You’re not Capitalizing on the Stabilization Aspect
There are a lot of textbook exercises that people use to grow their abs, things like crunches, twisting crunches, maybe even taking a broom and putting it around your head while doing twisting movements. While these techniques can definitely show some improvements, you probably don’t know what really happens when you grow your abs, and why these movements give any of the benefits they promise to.
Everyone knows that the abs flex the spine, twisting the abs will usually cause spinal flexion. Everyone knows crunches and twisting crunches, let’s talk about some of the stuff you might not know. Anytime you capitalize on the stabilization aspect of the abs, you’re going to develop them maximally. You shouldn’t be listening to that one guy that’s against planks, saying that they will never help you grow abs.

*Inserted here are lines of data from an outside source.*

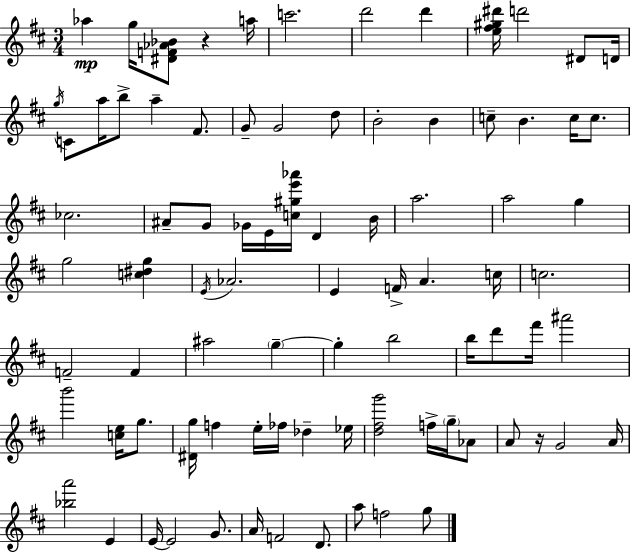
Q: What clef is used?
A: treble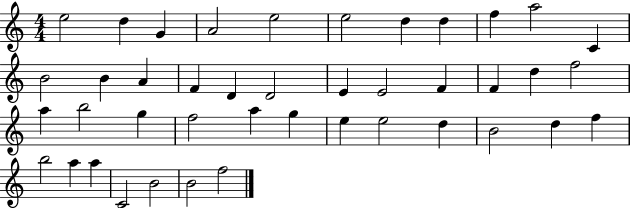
E5/h D5/q G4/q A4/h E5/h E5/h D5/q D5/q F5/q A5/h C4/q B4/h B4/q A4/q F4/q D4/q D4/h E4/q E4/h F4/q F4/q D5/q F5/h A5/q B5/h G5/q F5/h A5/q G5/q E5/q E5/h D5/q B4/h D5/q F5/q B5/h A5/q A5/q C4/h B4/h B4/h F5/h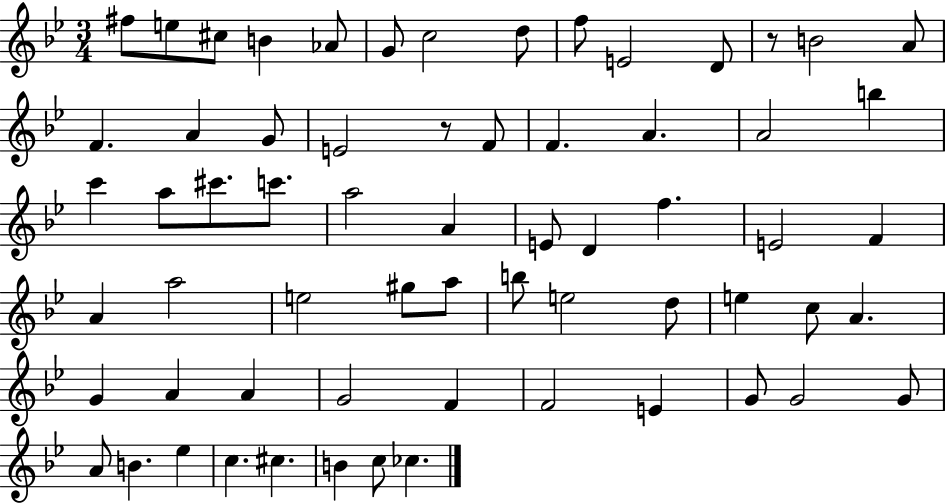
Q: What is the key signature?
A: BES major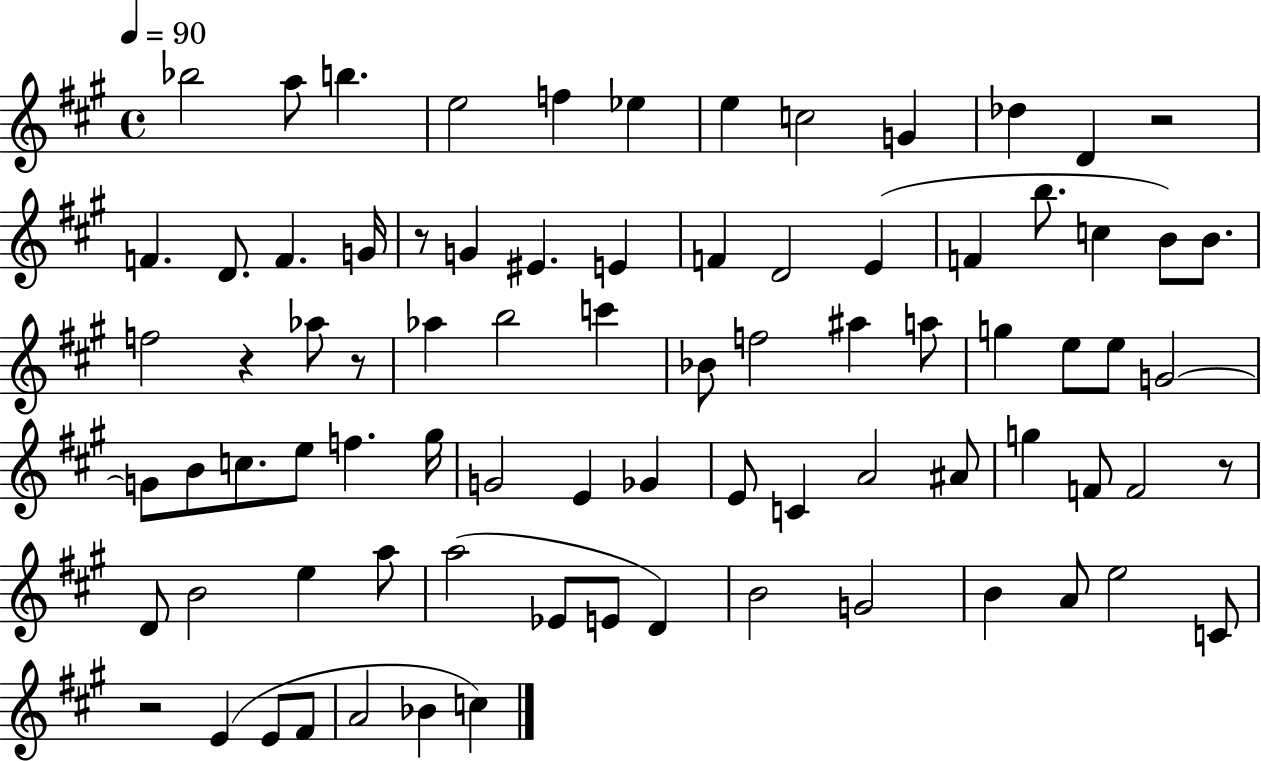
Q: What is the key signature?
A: A major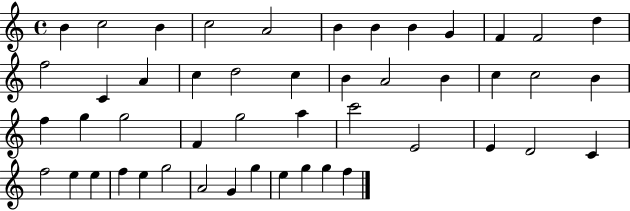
B4/q C5/h B4/q C5/h A4/h B4/q B4/q B4/q G4/q F4/q F4/h D5/q F5/h C4/q A4/q C5/q D5/h C5/q B4/q A4/h B4/q C5/q C5/h B4/q F5/q G5/q G5/h F4/q G5/h A5/q C6/h E4/h E4/q D4/h C4/q F5/h E5/q E5/q F5/q E5/q G5/h A4/h G4/q G5/q E5/q G5/q G5/q F5/q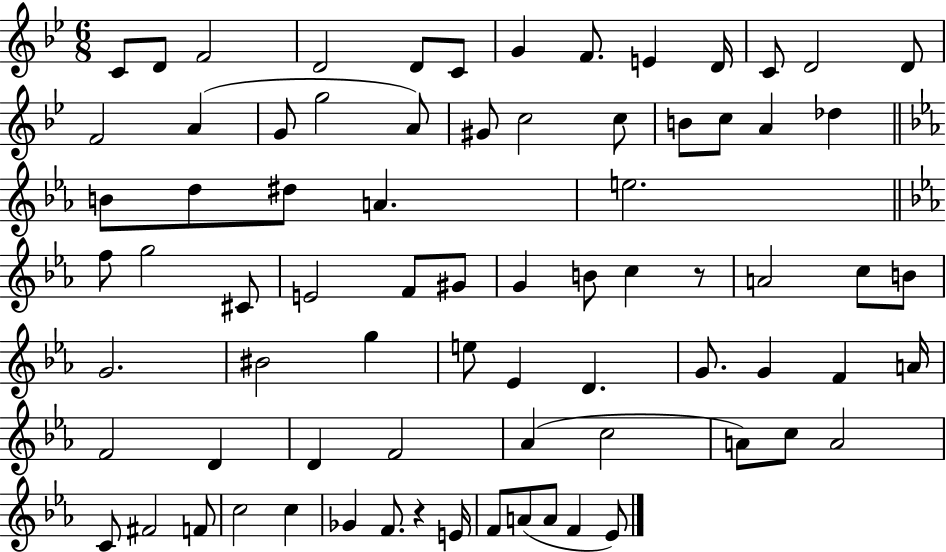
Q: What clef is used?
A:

In fact, movements like planks are going to be very important for bringing out your abs, things like normal planks, or side planks, single arm carries help maximize the stabilization component of abs.
Studies even show that if you’re doing crunches on a more unstable surface, you’ll be able to increase your ab activation, demonstrating that there is indeed a stabilizing component that forces the abs to work harder.
You’re not Using Compound Movements to Develop your Abs
If you’re doing things like a military press, or a standing military press, these are called compound movements, and they actually work the stabilization component of the abs. For example, a standing military press is going to activate your abs more than a seated one, since you’ll be capitalizing on the stabilization aspect.
In addition to that, if you’re favoring heavy squat exercises instead of high rep squats, you might be missing out on some of the benefits of high rep squats. They are going to help build up that oblique muscle look and they’ll act a lot like having a weight belt on, stabilizing your spine. So, high rep squats are a great way to fully activate an engaged core, and you need to try high rep squats even if you’re skeptical about their efficacy.
You’re not Optimizing your Diet
Abs are always primarily built in the kitchen, rather than the weight room. Your diet is going to dial in those abs. Even if you work until you’re blue on the face, every day in the year, doing crunches, situps, hanging leg raises, single arm carries, planks and all the other ab developing exercises.
If you’re not eating the right diet, your body fat probably isn’t super low. Therefore, you’ll never be able to see those abs. Granted, you might be someone that’s genetically gifted with shredded abs all year round. Chances are though, that’s not the case. If you’re looking for a general guideline to help you formulate a diet that’ll help showcase your abs to the world, we recommend lowering your carbohydrates, cycling your calories, and if you’re looking to maximize that fat burn you can do some high intensity cardio. All these techniques are going to help get you leaner. However the most important step is to stick by your diet and do cardio in order to be able to see your abs.
We hope this article helped you understand why your abs aren’t fully developed. By using the techniques mentioned in this article, you’ll be able to maximize your ab exercises in order to dial in those abs!